*** Begin section ***

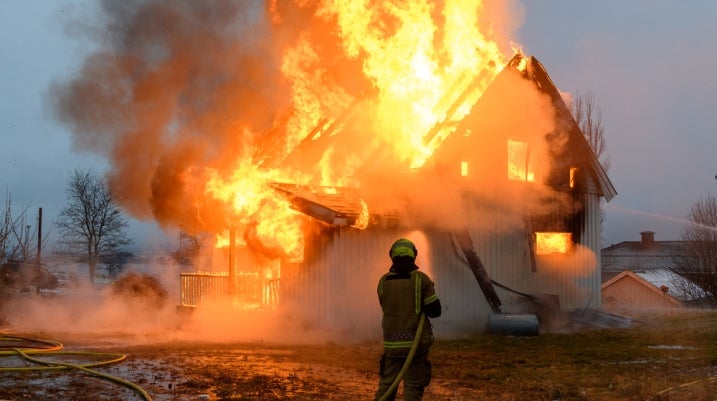 Firefighter using a hose on a house fire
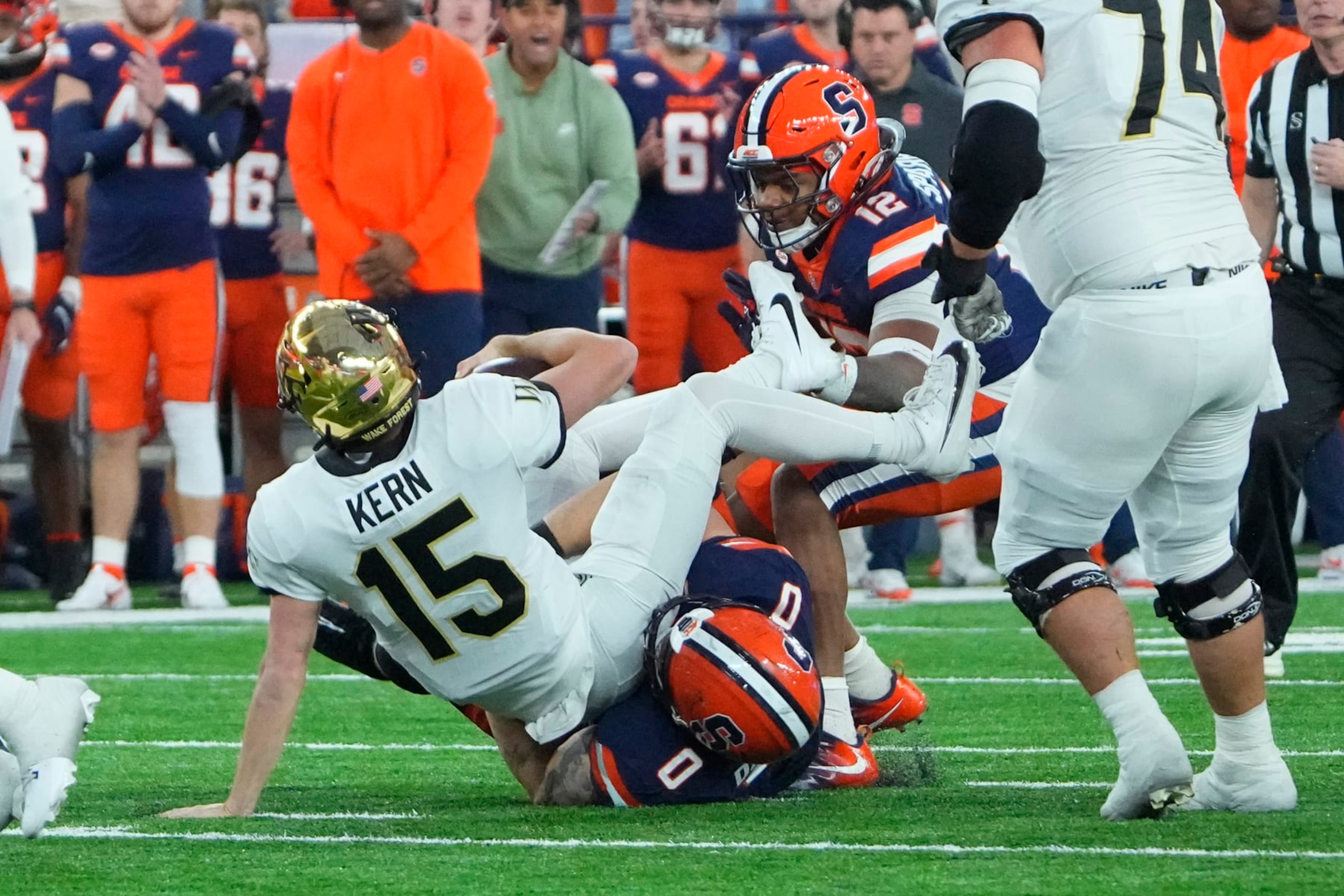 SYRACUSE, NY - NOVEMBER 25: Wake Forest Demon Deacons Quarterback Micahel Kern (15) is sacked by Syracuse Orange Defensive Lineman Kevon Darton (0) during the second half of the College Football Game between the Wake Forest Demon Deacons and the Syracuse Orange on November 25, 2023 at the JMA Wireless Dome in Syracuse, NY. (Photo by Gregory Fisher/Icon Sportswire via Getty Images)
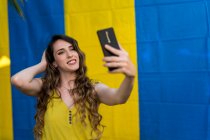 Donna con i capelli ondulati scattare selfie con il telefono cellulare mentre ride su due sfondo colorato in strada — Foto stock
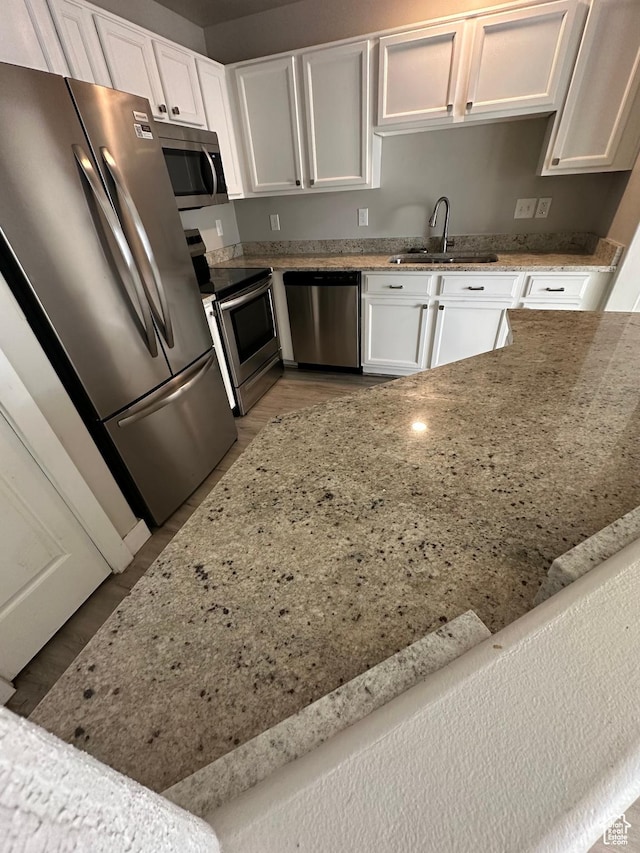 39 W 1930 N, Tooele, UT 84074 - kitchen featuring stainless steel appliances, a sink, white cabinetry, and light stone counters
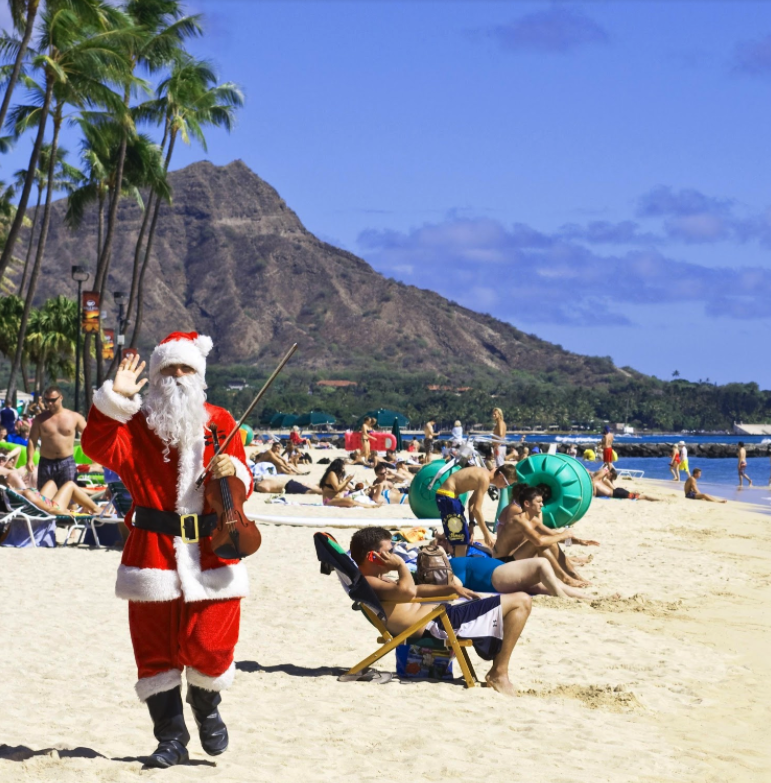 hawaiian santa in canoe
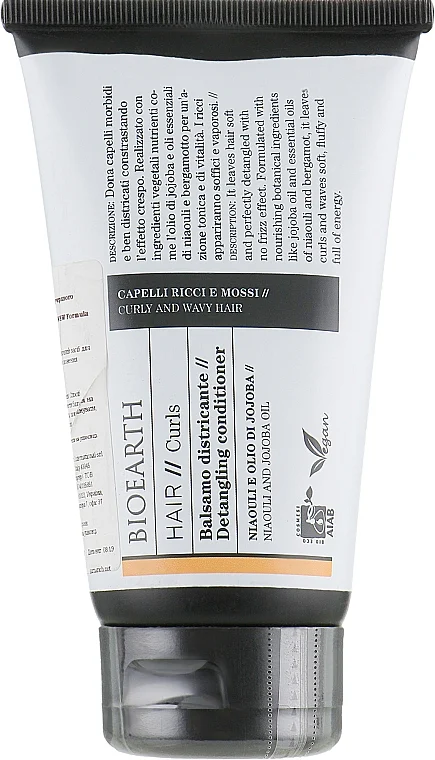 Balsamo districante per capelli ricci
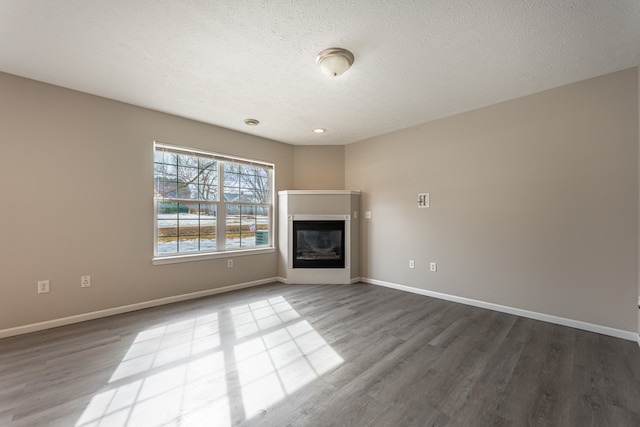 unfurnished living room featuring a glass covered fireplace, baseboards, and wood finished floors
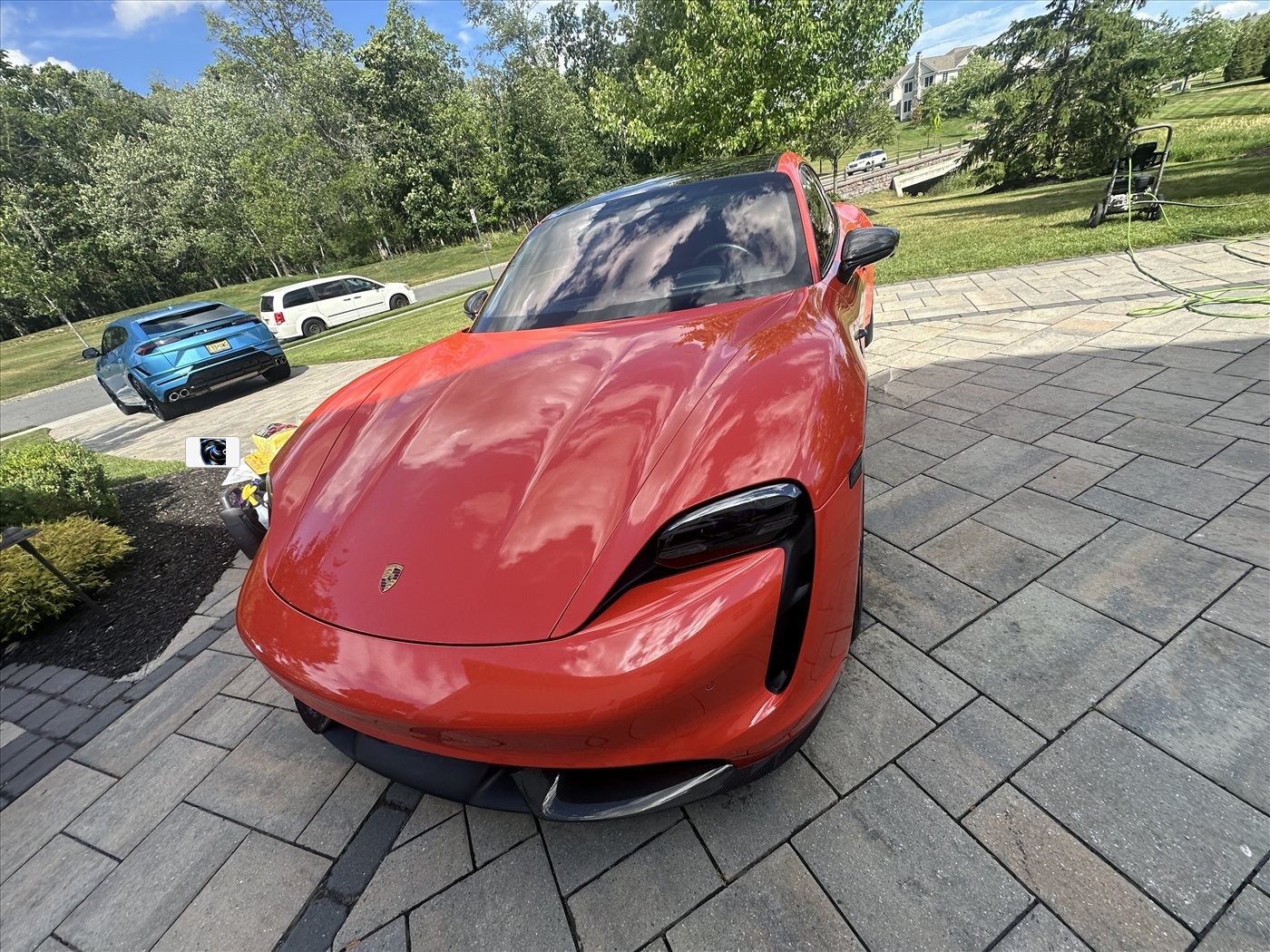 Porsche after exterior detail — mirror-gloss paint and dressed trim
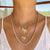 melinda maria baby jaguar gold emerald necklace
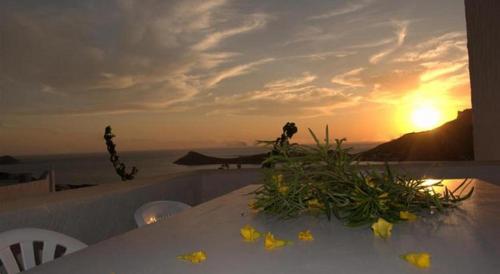 a table with flowers on it with the sunset in the background at Afroditi Hotel in Masouri
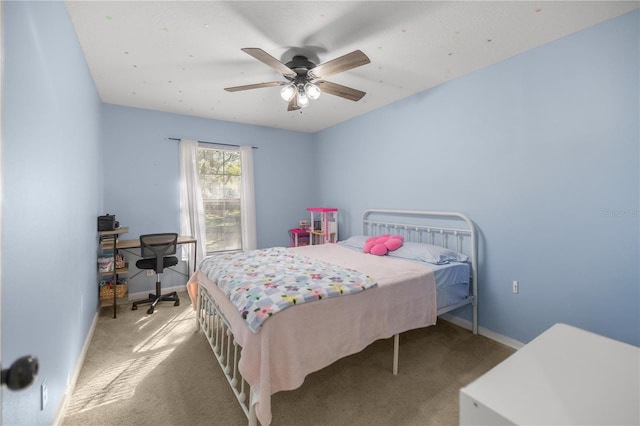 bedroom featuring ceiling fan and light colored carpet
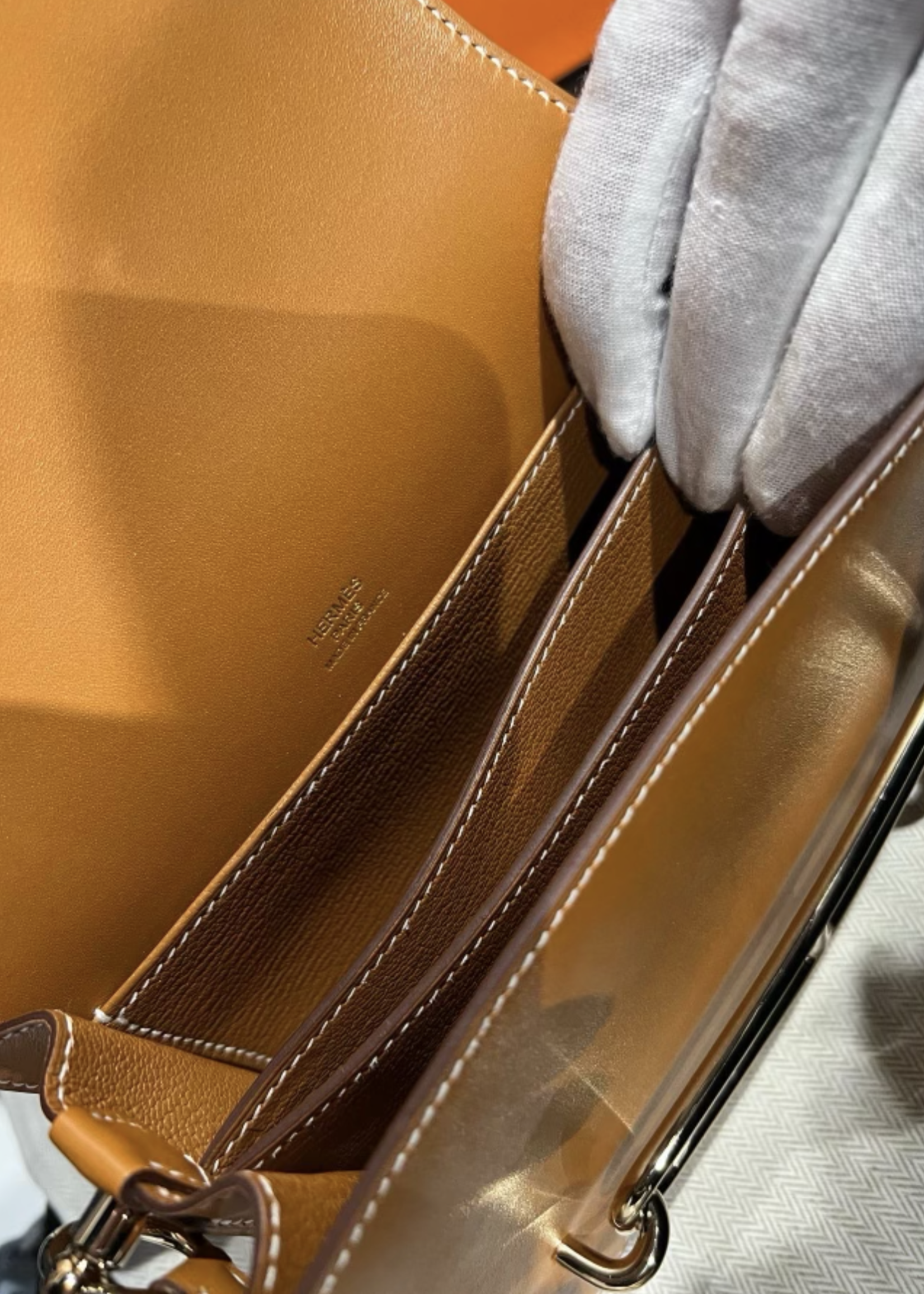 Hermes SOLD - Hermes Roulis Mini Gold In Swift Leather GHW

*** End section ***

Work required:
Leave out the images and write out the lines above exactly, from the one with "Donna con i" up to and including the one with "Porsche after exterior".

Solution to the exercise:
 Donna con i capelli ondulati scattare selfie con il telefono cellulare mentre ride su due sfondo colorato in strada — Foto stock
 39 W 1930 N, Tooele, UT 84074 - kitchen featuring stainless steel appliances, a sink, white cabinetry, and light stone counters
 hawaiian santa in canoe
 Balsamo districante per capelli ricci
 unfurnished living room featuring a glass covered fireplace, baseboards, and wood finished floors
 Porsche after exterior detail — mirror-gloss paint and dressed trim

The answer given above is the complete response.